Start of MATERIAL SUPPLIED
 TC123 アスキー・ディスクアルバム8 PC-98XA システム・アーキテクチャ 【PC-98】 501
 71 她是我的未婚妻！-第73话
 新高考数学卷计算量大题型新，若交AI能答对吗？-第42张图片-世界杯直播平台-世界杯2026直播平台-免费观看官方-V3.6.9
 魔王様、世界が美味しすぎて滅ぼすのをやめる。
End of MATERIAL SUPPLIED
Start of MATERIAL SUPPLIED
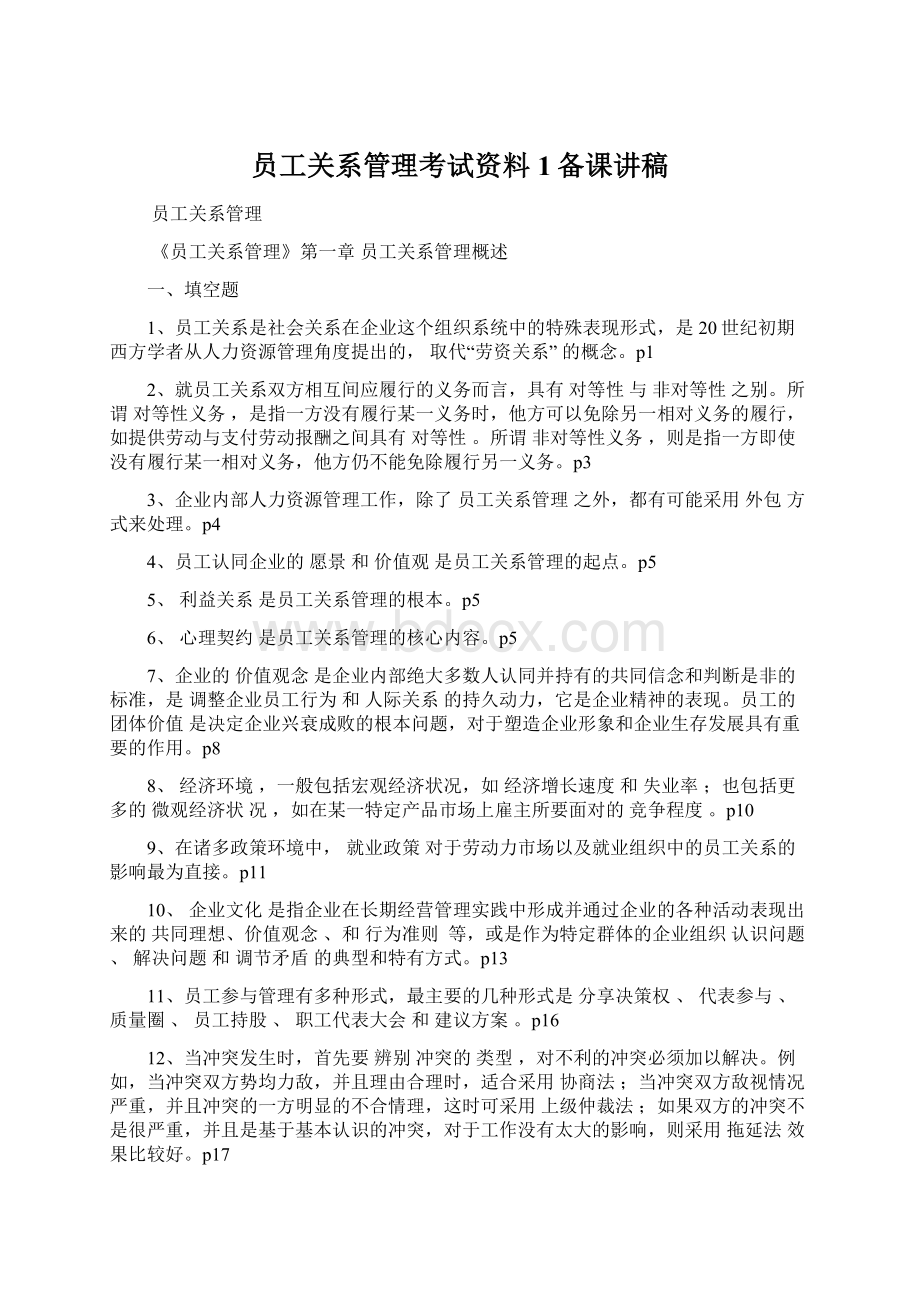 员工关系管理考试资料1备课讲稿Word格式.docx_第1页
End of MATERIAL SUPPLIED
Start of MATERIAL SUPPLIED
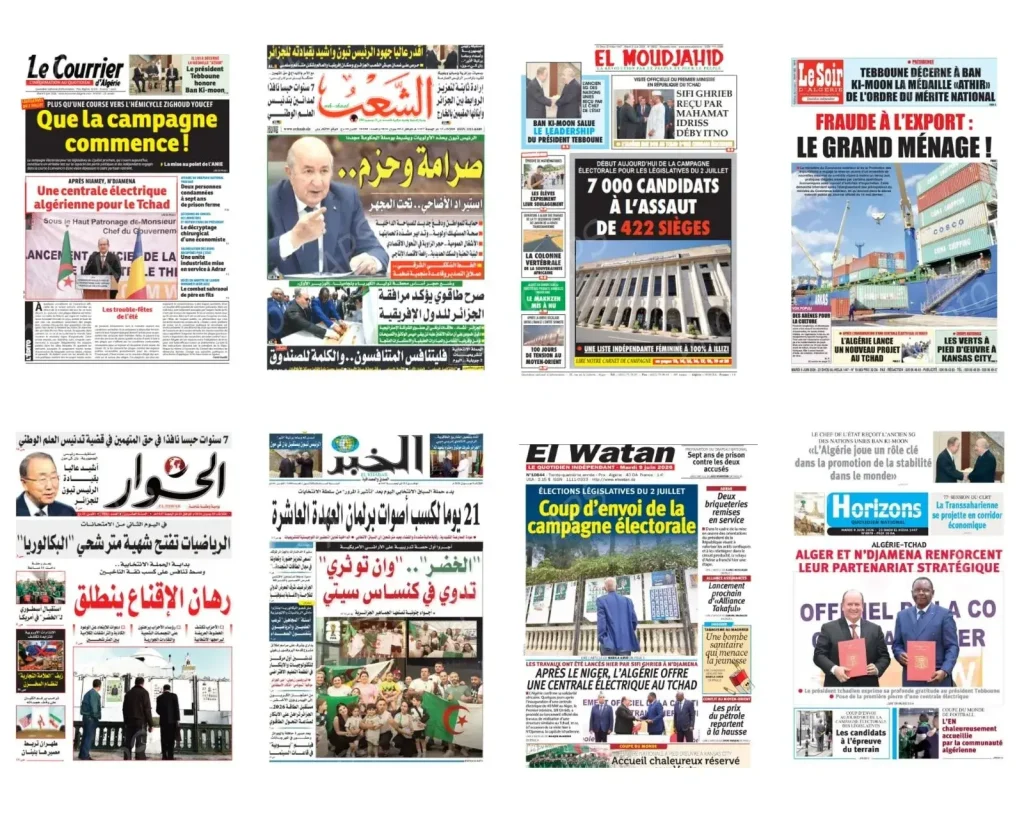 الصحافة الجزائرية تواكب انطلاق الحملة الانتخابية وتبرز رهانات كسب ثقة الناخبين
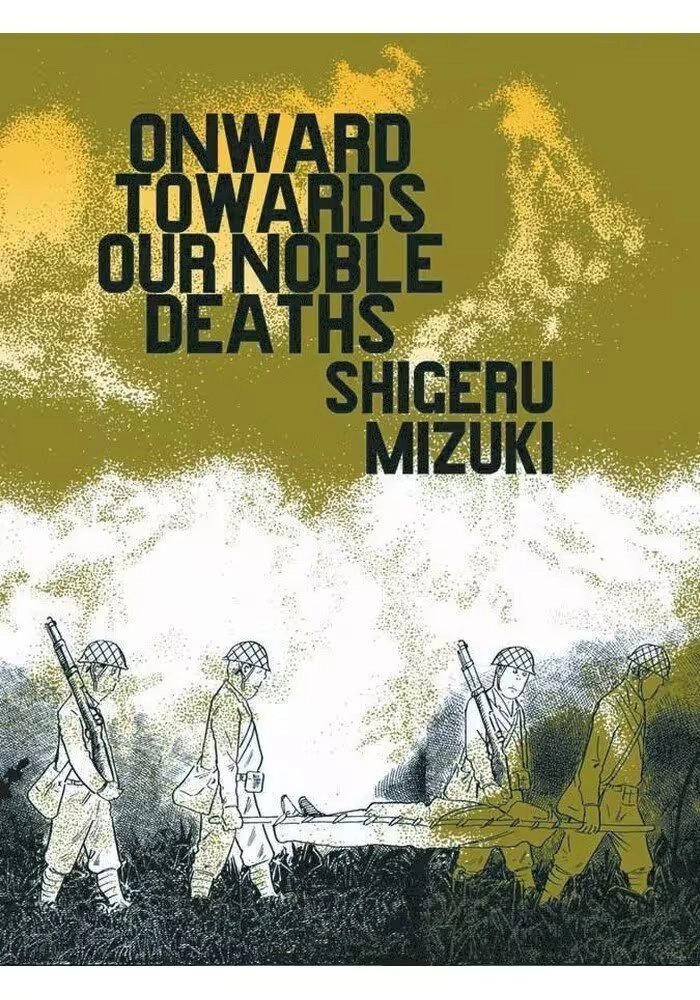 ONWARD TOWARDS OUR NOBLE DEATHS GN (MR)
End of MATERIAL SUPPLIED
◆ **BRIEF**:
For this exercise, transcribe exactly the part of the records above that opens with the line containing "الصحافة الجزائرية تواكب" and closes with the one containing "ONWARD TOWARDS OUR NOBLE DEATHS GN (MR)". Pictures are not part of the copy.

◆ **WRITTEN RESPONSE**:
 الصحافة الجزائرية تواكب انطلاق الحملة الانتخابية وتبرز رهانات كسب ثقة الناخبين
 ONWARD TOWARDS OUR NOBLE DEATHS GN (MR)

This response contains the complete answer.